PROBLEM:
Without the images, repeat every line of the listing exactly.

STORED DATA:
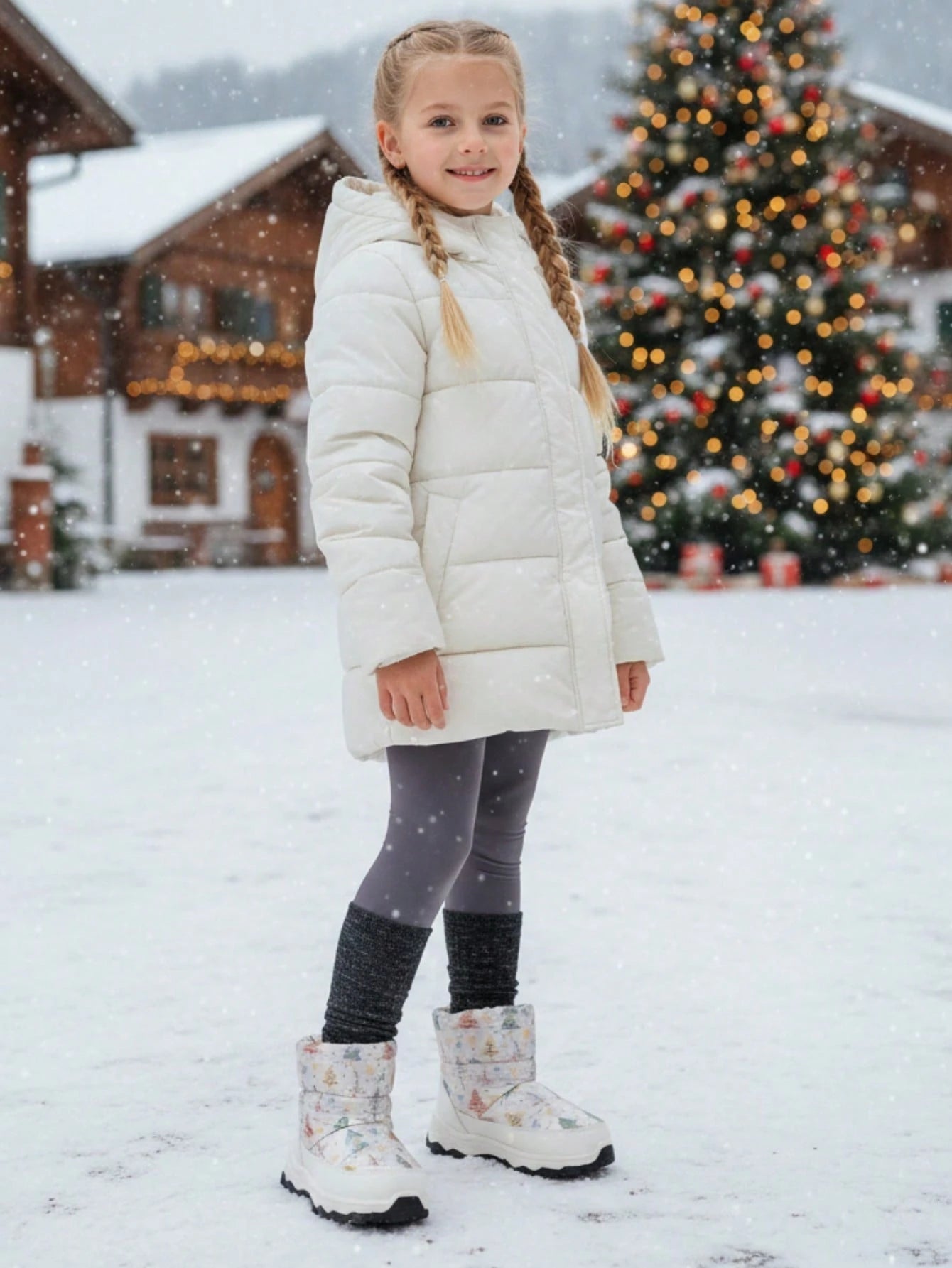 Cartoon Tree Pattern Thermal Lined Ankle Snow Boots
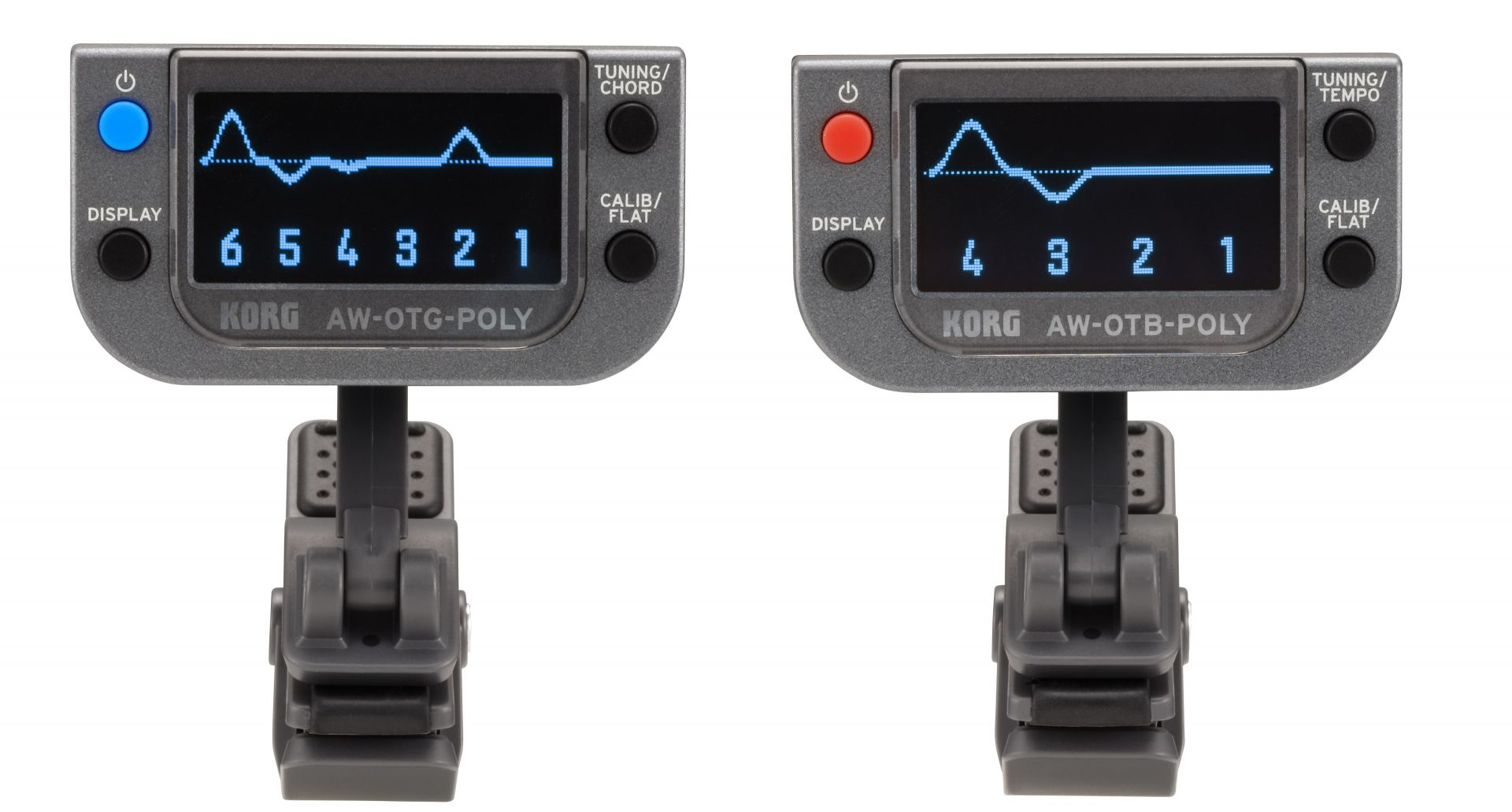 AW-OTG/AW-OTBのポリフォニックタイプ(各弦検出)・クリップチューナー。コード検出機能を搭載したギター専用のAW-OTG-POLYと、テンポ検出機能に加え低音のチューニングに最適化されたAW-OTB-POLYの2種類がラインナップです。  ±0.1 セントの超高精度チューニングを実現。各弦を同時に検出してチューニングするポリフォニックモードが、クリップチューナーの常識を覆します。
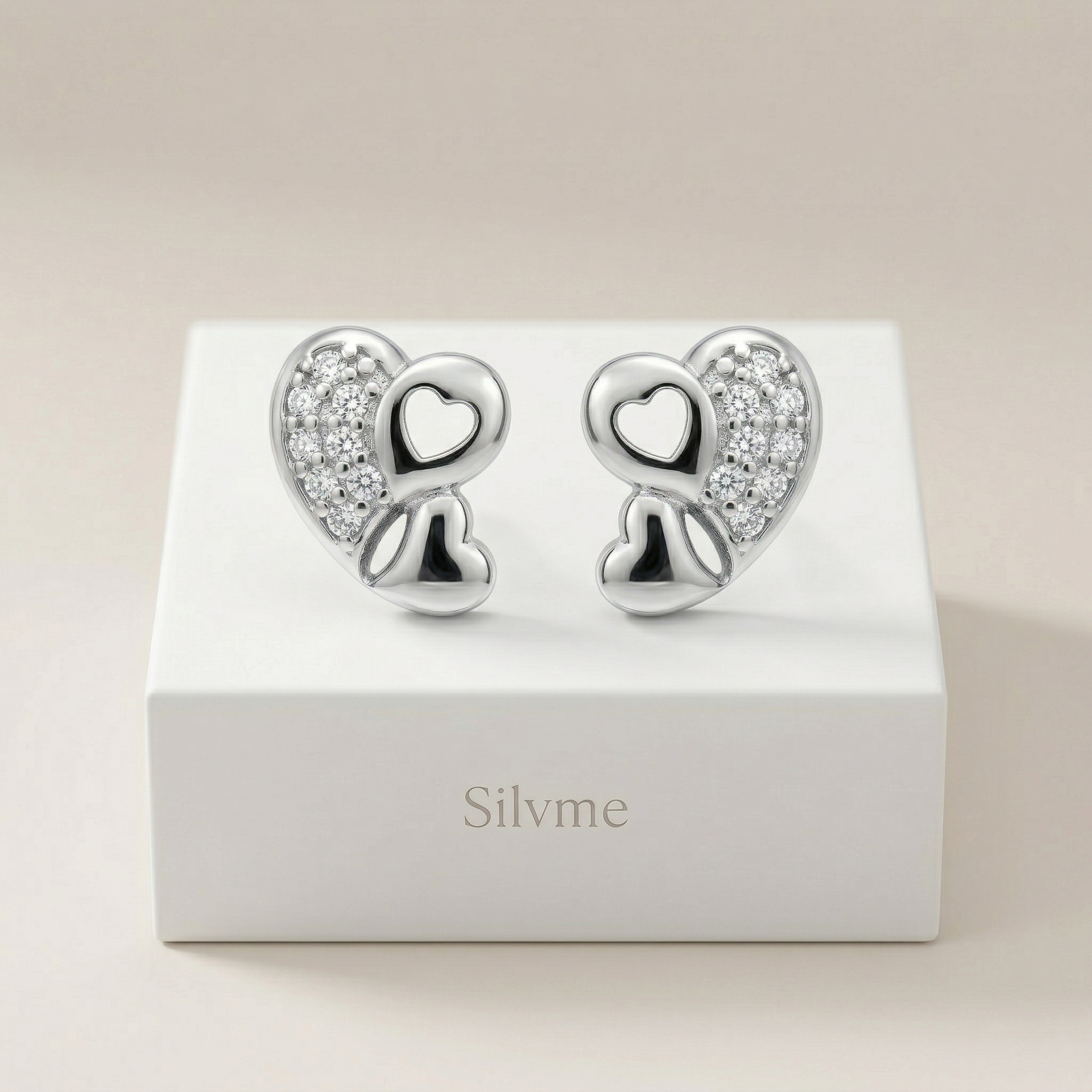 Silvme Pure 925 Sterling Silver Double Heart Earring for Women & Girls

EXPECTED ANSWER:
 Cartoon Tree Pattern Thermal Lined Ankle Snow Boots
 AW-OTG/AW-OTBのポリフォニックタイプ(各弦検出)・クリップチューナー。コード検出機能を搭載したギター専用のAW-OTG-POLYと、テンポ検出機能に加え低音のチューニングに最適化されたAW-OTB-POLYの2種類がラインナップです。  ±0.1 セントの超高精度チューニングを実現。各弦を同時に検出してチューニングするポリフォニックモードが、クリップチューナーの常識を覆します。
 Silvme Pure 925 Sterling Silver Double Heart Earring for Women & Girls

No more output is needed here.